I am, in turn, fierce and fragile.
My left hand is smooth. On my right, the skin is rougher, from hard work. Because of this, I wear my jumbled pile of black rubber and sterling silver bracelets on my left arm, so they do not get in the way when I Do Things. I make it up to my right arm by the permanent adornment of a black skeleton key tattoo.
Smooth or rough, my hands are strong. I use them to grasp and pull and lift, and then I work with the most sensitive part of my fingers – the tips – and shape and draw wool into yarn with great control and skill.
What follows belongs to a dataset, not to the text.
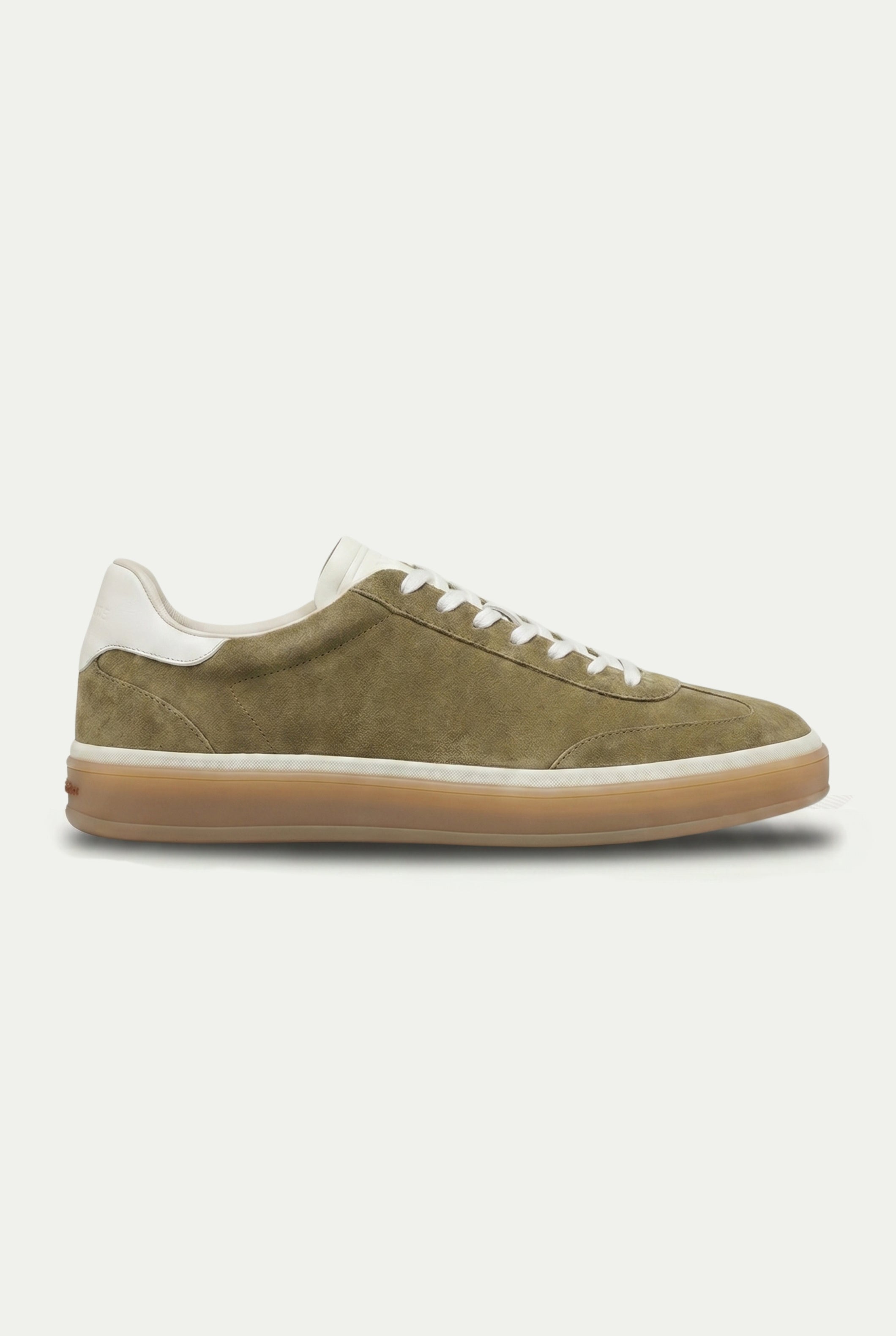 Bogota Suede Sneaker Sage Olive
I am capable of extremes.
“What about this thing that you gave
What if it weren’t quite perfect
What if there was something bad about it?
Wouldn’t you still love it just the same?
Wouldn’t you still care about it?”
When I am “up” I am often deliriously happy, in love with the world. No color escapes my sight, no touch from my lover taken for granted. I revel in the cool breezes, the look and feel of my clothing, the way my body moves. I am never more alive than in those moments.
When depression creeps in – sneaky, unnoticed until I am full in the throes – I feel heavy, pained. I notice the same things, but the delight I get from them is muffled, no matter how I try to break free from the web of grey that wraps around me. I am still the same girl, but I am covered in a shroud of melancholy.
And writing that, I feel melodramatic… but it’s true, as much of a truth as my two hands which are part of the same body yet so different. Knowing this, accepting this – it helps. Each hand has its own strengths and weaknesses, its own adornments and looks. That is the way that it is. I can’t reject that. I don’t have to wallow in the weaknesses of my left hand to appreciate that it looks less aged, less haggard. And I don’t have to feel bad about my right hand looking rougher, marked by time; I recognize that it has worked hard and created many beautiful things. Together, they work to write this blog entry and share my words.
I love them both, because they are mine.